- [Task material]
────────────────────

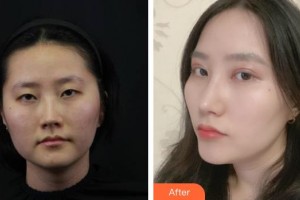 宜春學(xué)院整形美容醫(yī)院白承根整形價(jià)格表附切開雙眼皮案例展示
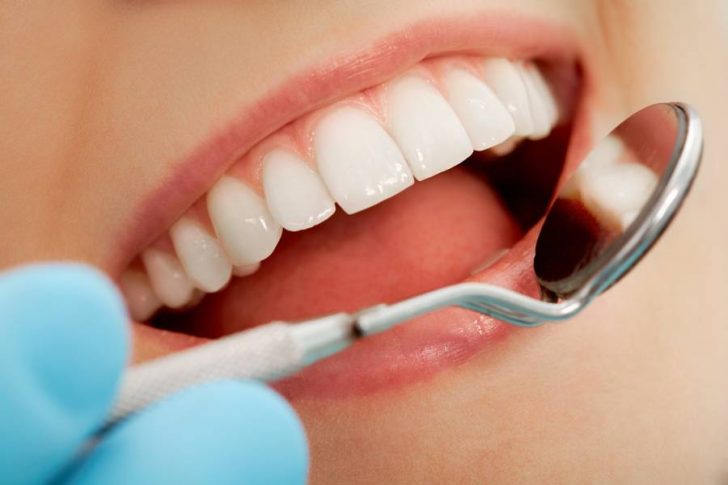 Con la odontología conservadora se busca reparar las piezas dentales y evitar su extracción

────────────────────

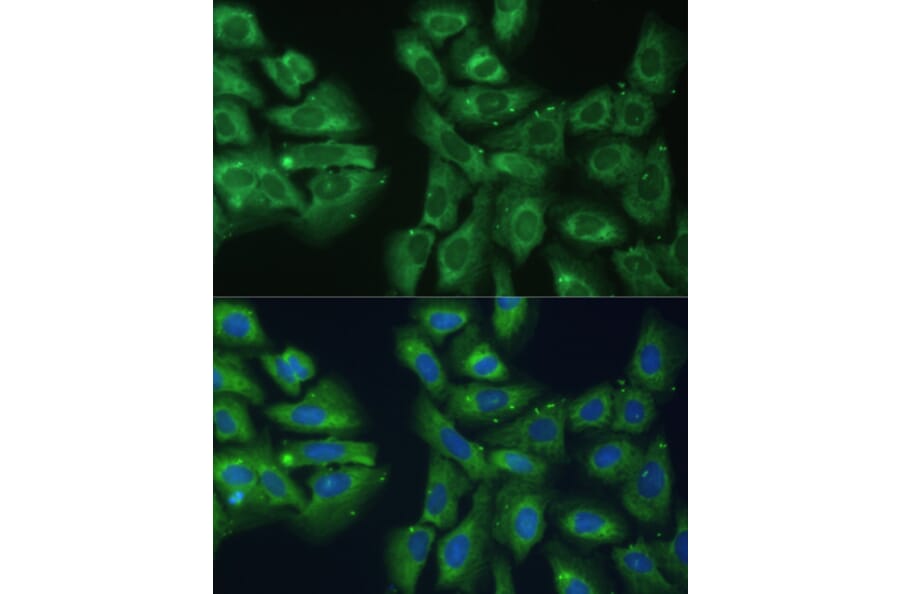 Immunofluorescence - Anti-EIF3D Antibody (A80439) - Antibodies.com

────────────────────

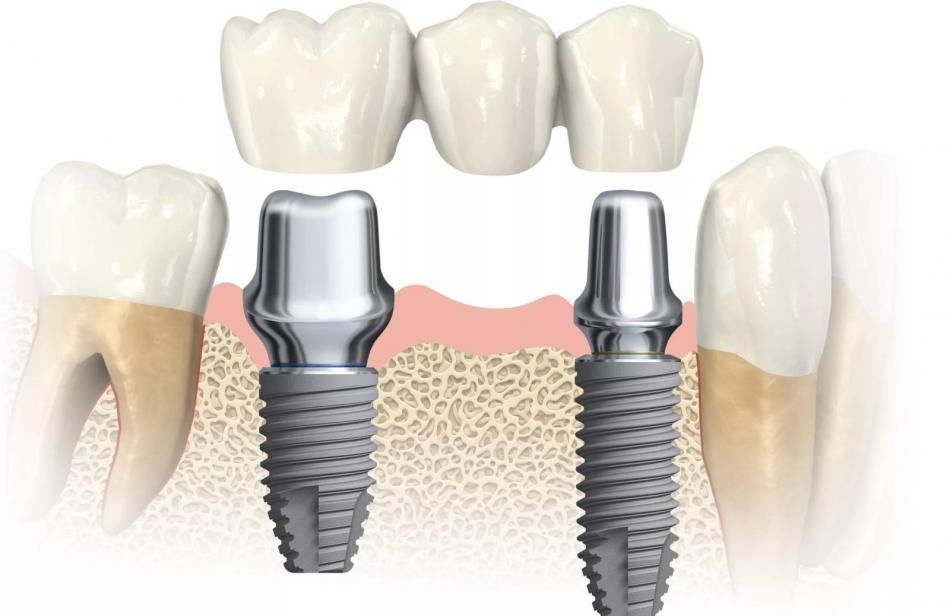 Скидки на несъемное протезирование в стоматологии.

────────────────────

Using the material above, transcribe exactly the lines from the one holding "宜春學(xué)院整形美容醫" to the one holding "Con la odontología", both ends kept. Do not carry over any pictures.

 宜春學(xué)院整形美容醫(yī)院白承根整形價(jià)格表附切開雙眼皮案例展示
 Con la odontología conservadora se busca reparar las piezas dentales y evitar su extracción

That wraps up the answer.